Task goal
Every entry below is to be copied word for word, with its pictures removed.

Source information
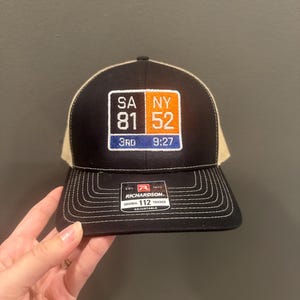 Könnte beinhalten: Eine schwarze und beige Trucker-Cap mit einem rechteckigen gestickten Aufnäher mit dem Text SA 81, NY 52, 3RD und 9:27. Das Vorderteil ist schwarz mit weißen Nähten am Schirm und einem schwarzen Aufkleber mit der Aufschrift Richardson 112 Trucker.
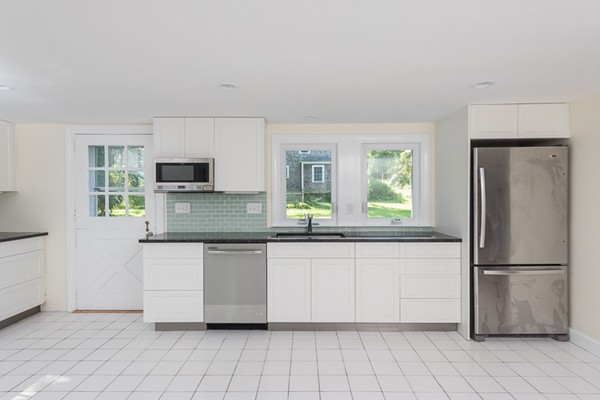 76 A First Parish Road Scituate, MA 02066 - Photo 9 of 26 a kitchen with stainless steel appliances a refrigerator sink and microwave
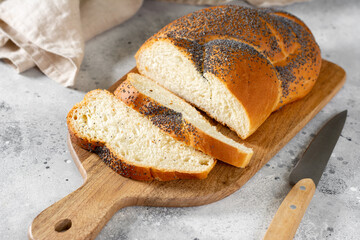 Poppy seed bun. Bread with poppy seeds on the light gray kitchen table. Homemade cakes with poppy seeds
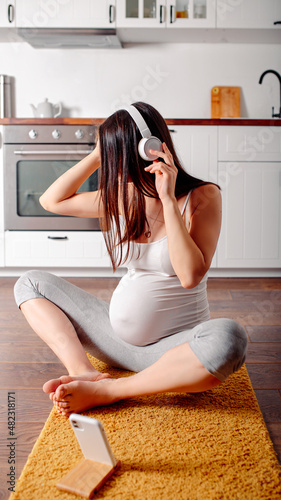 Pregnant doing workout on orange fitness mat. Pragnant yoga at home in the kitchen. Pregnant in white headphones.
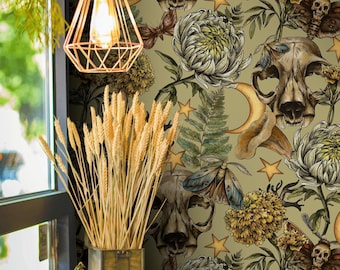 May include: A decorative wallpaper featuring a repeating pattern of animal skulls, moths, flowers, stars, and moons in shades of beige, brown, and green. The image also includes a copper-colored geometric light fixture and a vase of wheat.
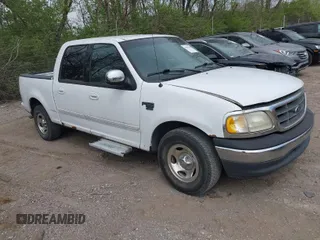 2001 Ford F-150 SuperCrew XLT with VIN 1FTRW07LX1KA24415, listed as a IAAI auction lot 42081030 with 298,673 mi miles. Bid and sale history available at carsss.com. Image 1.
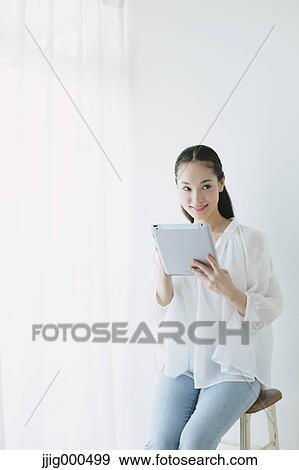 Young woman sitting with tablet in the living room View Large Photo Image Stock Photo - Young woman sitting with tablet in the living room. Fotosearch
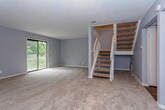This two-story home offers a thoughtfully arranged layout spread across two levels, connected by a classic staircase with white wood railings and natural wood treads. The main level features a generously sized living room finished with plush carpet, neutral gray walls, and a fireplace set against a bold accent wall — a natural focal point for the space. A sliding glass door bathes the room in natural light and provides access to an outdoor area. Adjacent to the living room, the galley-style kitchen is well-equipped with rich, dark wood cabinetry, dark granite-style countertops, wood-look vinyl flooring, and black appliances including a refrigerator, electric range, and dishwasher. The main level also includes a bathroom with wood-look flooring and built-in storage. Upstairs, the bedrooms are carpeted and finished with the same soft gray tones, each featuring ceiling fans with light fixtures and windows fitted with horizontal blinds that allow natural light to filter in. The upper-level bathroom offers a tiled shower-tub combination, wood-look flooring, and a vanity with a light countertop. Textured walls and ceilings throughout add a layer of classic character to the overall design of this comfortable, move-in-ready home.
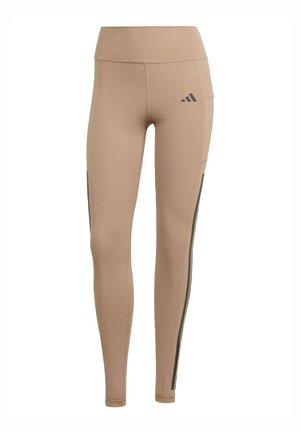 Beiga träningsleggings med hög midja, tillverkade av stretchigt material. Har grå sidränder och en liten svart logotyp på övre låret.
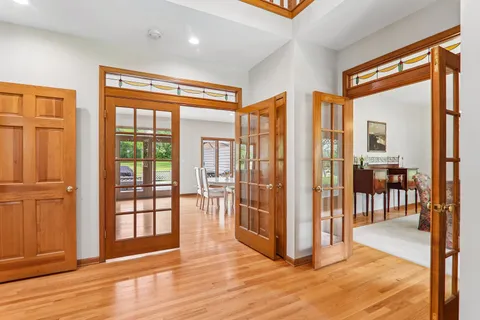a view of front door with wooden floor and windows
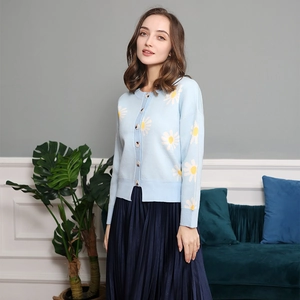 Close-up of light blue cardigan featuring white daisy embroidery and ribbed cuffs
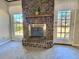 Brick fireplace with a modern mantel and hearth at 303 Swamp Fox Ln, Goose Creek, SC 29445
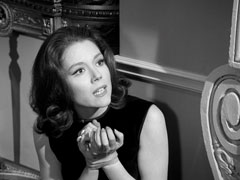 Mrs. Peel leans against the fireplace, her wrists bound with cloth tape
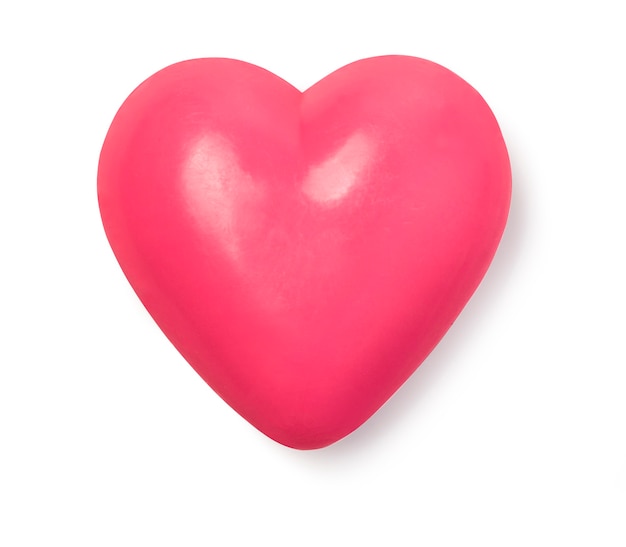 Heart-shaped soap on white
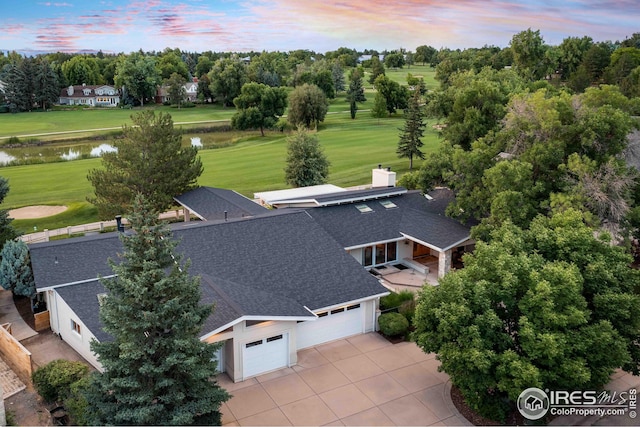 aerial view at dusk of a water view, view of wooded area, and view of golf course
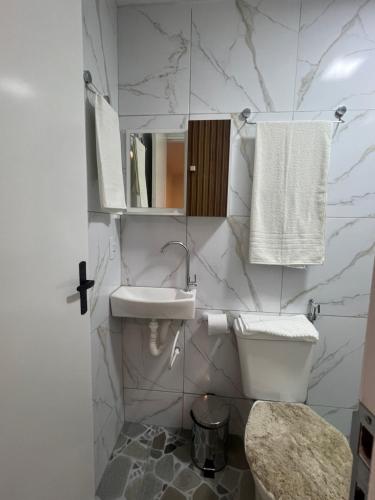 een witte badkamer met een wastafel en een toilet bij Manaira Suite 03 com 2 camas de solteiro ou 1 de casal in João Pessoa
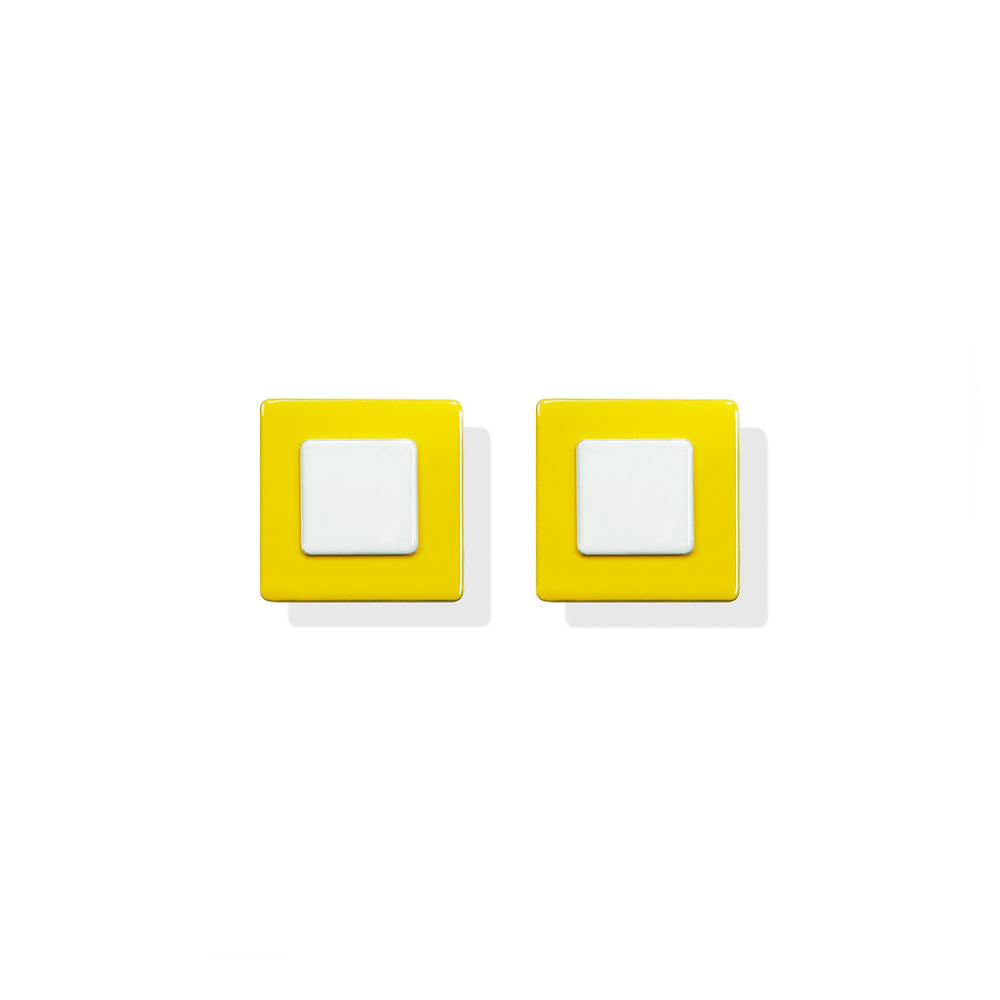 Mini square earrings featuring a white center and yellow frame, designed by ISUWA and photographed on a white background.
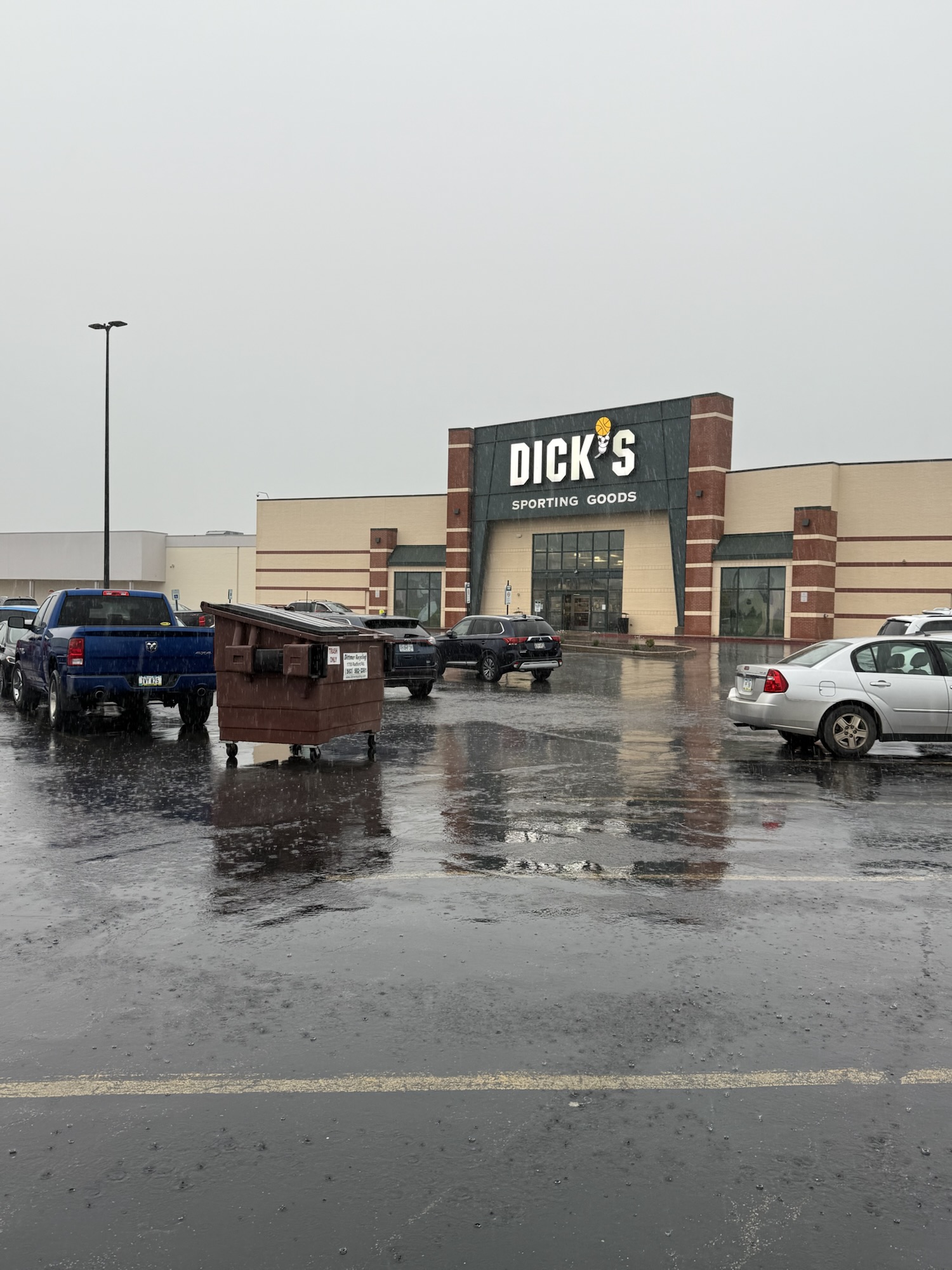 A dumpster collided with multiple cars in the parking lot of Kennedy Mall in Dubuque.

Final answer
 Könnte beinhalten: Eine schwarze und beige Trucker-Cap mit einem rechteckigen gestickten Aufnäher mit dem Text SA 81, NY 52, 3RD und 9:27. Das Vorderteil ist schwarz mit weißen Nähten am Schirm und einem schwarzen Aufkleber mit der Aufschrift Richardson 112 Trucker.
 76 A First Parish Road Scituate, MA 02066 - Photo 9 of 26 a kitchen with stainless steel appliances a refrigerator sink and microwave
 Poppy seed bun. Bread with poppy seeds on the light gray kitchen table. Homemade cakes with poppy seeds
 Pregnant doing workout on orange fitness mat. Pragnant yoga at home in the kitchen. Pregnant in white headphones.
 May include: A decorative wallpaper featuring a repeating pattern of animal skulls, moths, flowers, stars, and moons in shades of beige, brown, and green. The image also includes a copper-colored geometric light fixture and a vase of wheat.
 2001 Ford F-150 SuperCrew XLT with VIN 1FTRW07LX1KA24415, listed as a IAAI auction lot 42081030 with 298,673 mi miles. Bid and sale history available at carsss.com. Image 1.
 Young woman sitting with tablet in the living room View Large Photo Image Stock Photo - Young woman sitting with tablet in the living room. Fotosearch
This two-story home offers a thoughtfully arranged layout spread across two levels, connected by a classic staircase with white wood railings and natural wood treads. The main level features a generously sized living room finished with plush carpet, neutral gray walls, and a fireplace set against a bold accent wall — a natural focal point for the space. A sliding glass door bathes the room in natural light and provides access to an outdoor area. Adjacent to the living room, the galley-style kitchen is well-equipped with rich, dark wood cabinetry, dark granite-style countertops, wood-look vinyl flooring, and black appliances including a refrigerator, electric range, and dishwasher. The main level also includes a bathroom with wood-look flooring and built-in storage. Upstairs, the bedrooms are carpeted and finished with the same soft gray tones, each featuring ceiling fans with light fixtures and windows fitted with horizontal blinds that allow natural light to filter in. The upper-level bathroom offers a tiled shower-tub combination, wood-look flooring, and a vanity with a light countertop. Textured walls and ceilings throughout add a layer of classic character to the overall design of this comfortable, move-in-ready home.
 Beiga träningsleggings med hög midja, tillverkade av stretchigt material. Har grå sidränder och en liten svart logotyp på övre låret.
a view of front door with wooden floor and windows
 Close-up of light blue cardigan featuring white daisy embroidery and ribbed cuffs
 Brick fireplace with a modern mantel and hearth at 303 Swamp Fox Ln, Goose Creek, SC 29445
 Mrs. Peel leans against the fireplace, her wrists bound with cloth tape
 Heart-shaped soap on white
 aerial view at dusk of a water view, view of wooded area, and view of golf course
 een witte badkamer met een wastafel en een toilet bij Manaira Suite 03 com 2 camas de solteiro ou 1 de casal in João Pessoa
 Mini square earrings featuring a white center and yellow frame, designed by ISUWA and photographed on a white background.
 A dumpster collided with multiple cars in the parking lot of Kennedy Mall in Dubuque.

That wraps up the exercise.